CHELSEA — A tradition as old as baseball itself could become a thing of the past at Citi Field and Yankee Stadium.
On Friday, Councilman Corey Johnson, whose district includes both Chelsea and Hell’s Kitchen, introduced a bill aimed at banning the use of smokeless tobacco by both players and fans at New York City baseball stadiums.
“There may not be many baseball issues where Mets and Yankees fans can agree, but this certainly is one of them,” Johnson, who chairs the Council's health committee, said in a statement. “By allowing smokeless tobacco at the ballparks, we are sending mixed signals about the dangers of tobacco use.
“It’s time to take tobacco out of the game completely for the good of baseball and for the health of our kids and players alike,” he added.

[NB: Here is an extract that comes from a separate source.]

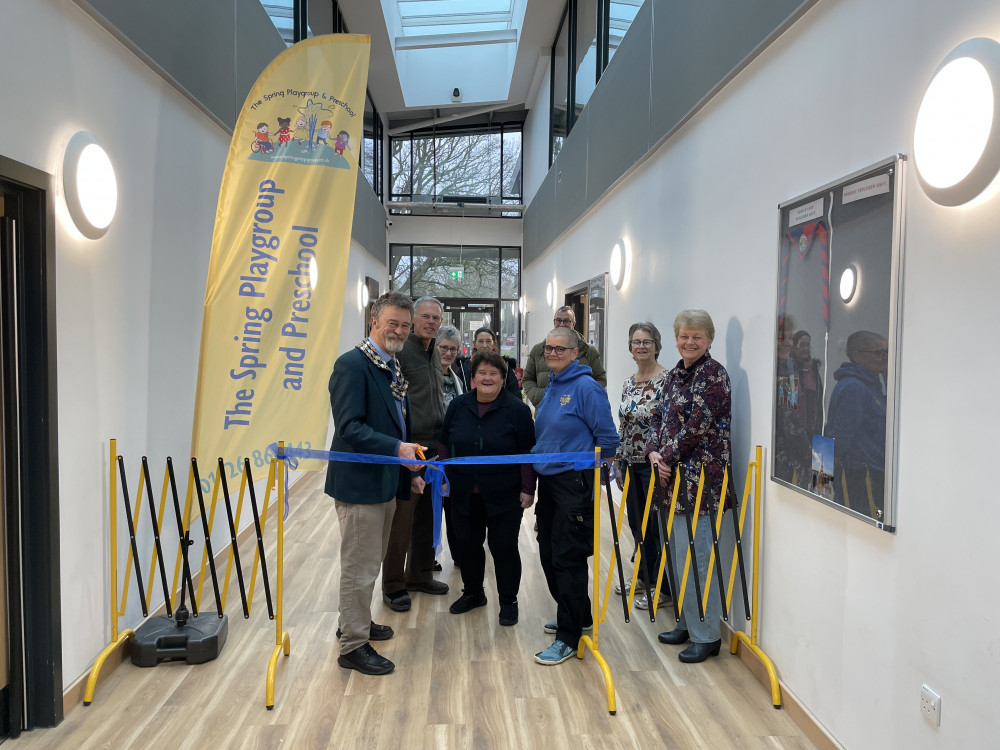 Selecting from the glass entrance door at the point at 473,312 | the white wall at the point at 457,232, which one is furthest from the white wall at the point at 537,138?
the glass entrance door at the point at 473,312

The bill — which follows recently passed legislation banning smokeless tobacco in stadiums in San Francisco, Boston and Los Angeles — would also prohibit the products from other New York sports arenas and recreation spaces, Johnson’s statement said.
Although several Mets and Yankees players still use smokeless tobacco, the bill has garnered support from both organizations, Johnson said.
Baseball greats Tony Gwynn, who succumbed to salivary gland cancer in 2014, and Curt Schilling, who was treated for oral cancer a few years ago, both attributed their medical conditions to prolonged chewing tobacco use, the statement said.
In 2013, the Centers for Disease Control reported 14.7 percent of high school boys said they used smokeless tobacco, the statement added.
“Today’s action in New York will help achieve our goal of making the next generation tobacco-free,” Campaign for Tobacco-Free Kids president Matthew L. Myers said in a statement. “Our national pastime should be about promoting a healthy and active lifestyle, not a deadly and addictive product.”
If approved, the ban could go into effect during the 2016 baseball season, Johnson’s statement noted.